What you should do: Every line of the listing below is to be duplicated exactly, with the pictures left out.

⟨

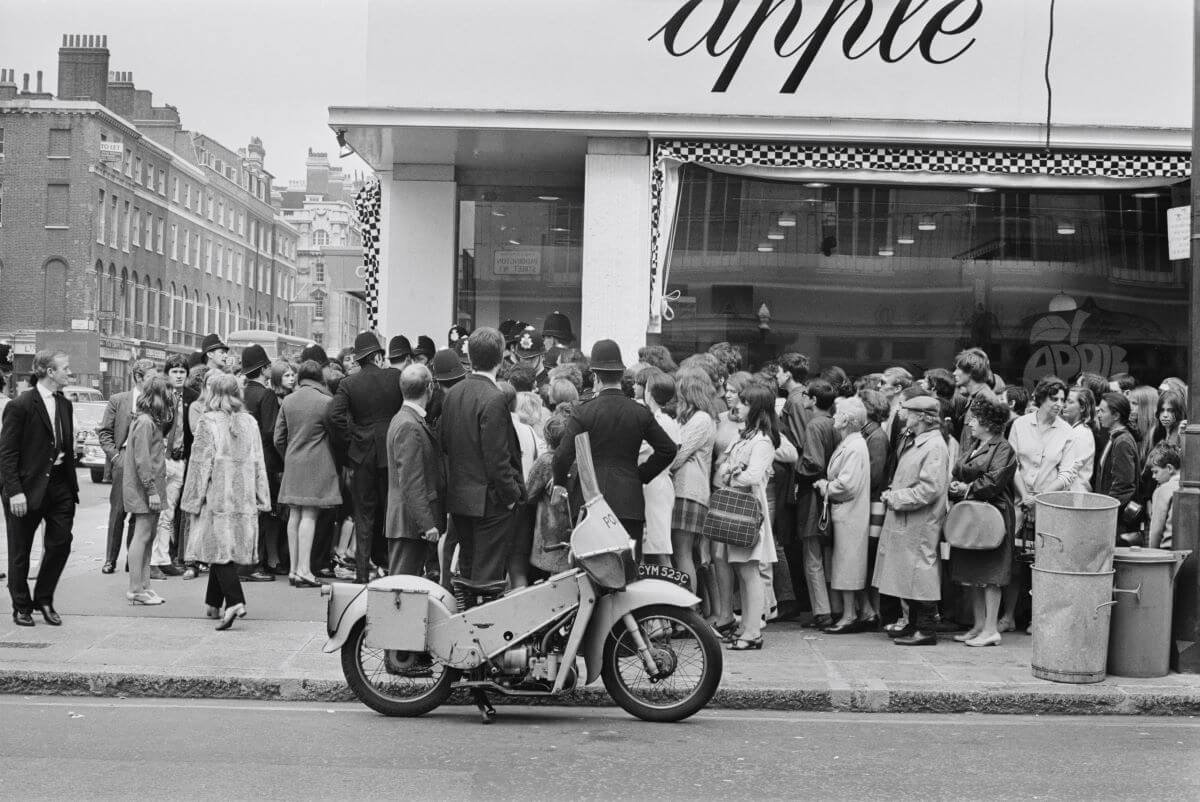 A black and white picture of a crowd gathered in front of The Beatles' Apple boutique.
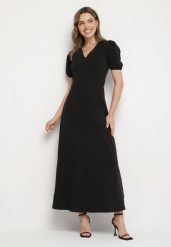 Czarna Sukienka Rozkloszowana z Trójkątnym Dekoltem Efralinae. Czarne sukienki damskie Born2be, bez wzorów, eleganckie, bez ramiączek. W wyprzedaży za 127.49 zł.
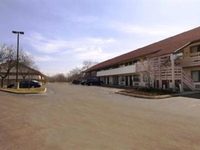 Red Roof Inn Oak Creek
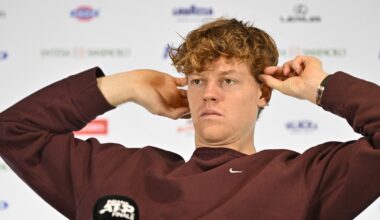 ATP - Finals > Jannik Sinner à un journaliste : "Honnêtement, je ne sais même pas quoi te répondre. Tu me poses des questions qui..."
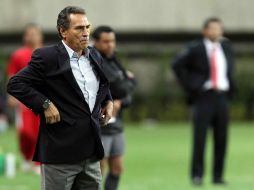José Luis Real puede estar viviendo sus últimos días como DT de Chivas. MEXSPORT  /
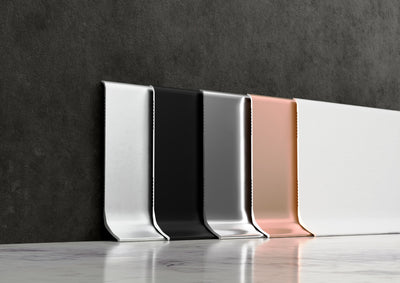 Rodapié cóncavo de aluminio. Barra de 2,5 m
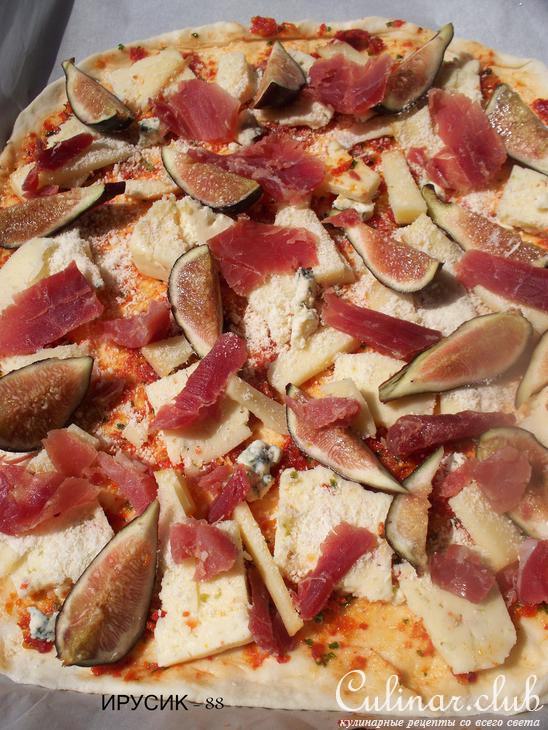 Fig and Prosciutto PIZZA / Пицца с инжиром и прошюто на без дрожжевом тесте "пяти минутка" Дуэль!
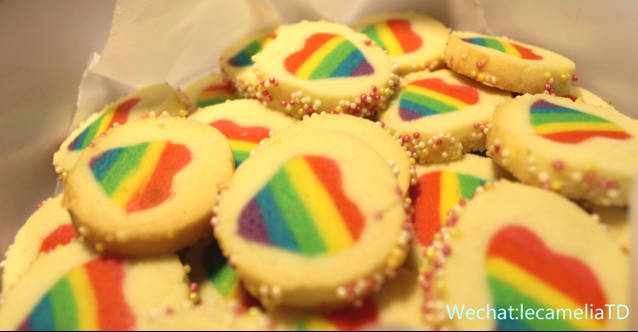 绝对惊呆所有人的彩虹心曲奇（26张超详细图步骤绝对良心）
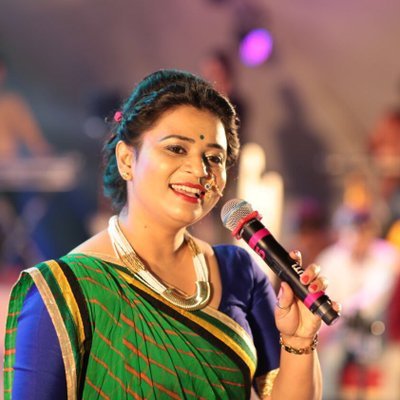 urvashiradadiy0's profile picture. Singer | The Queen Of Gujarati Folk | Official | For Booking details: urvashiradadiya@gmail.com |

⟩

Answer to this exercise:
 A black and white picture of a crowd gathered in front of The Beatles' Apple boutique.
 Czarna Sukienka Rozkloszowana z Trójkątnym Dekoltem Efralinae. Czarne sukienki damskie Born2be, bez wzorów, eleganckie, bez ramiączek. W wyprzedaży za 127.49 zł.
 Red Roof Inn Oak Creek
 ATP - Finals > Jannik Sinner à un journaliste : "Honnêtement, je ne sais même pas quoi te répondre. Tu me poses des questions qui..."
José Luis Real puede estar viviendo sus últimos días como DT de Chivas. MEXSPORT  /
 Rodapié cóncavo de aluminio. Barra de 2,5 m
 Fig and Prosciutto PIZZA / Пицца с инжиром и прошюто на без дрожжевом тесте "пяти минутка" Дуэль!
 绝对惊呆所有人的彩虹心曲奇（26张超详细图步骤绝对良心）
 urvashiradadiy0's profile picture. Singer | The Queen Of Gujarati Folk | Official | For Booking details: urvashiradadiya@gmail.com |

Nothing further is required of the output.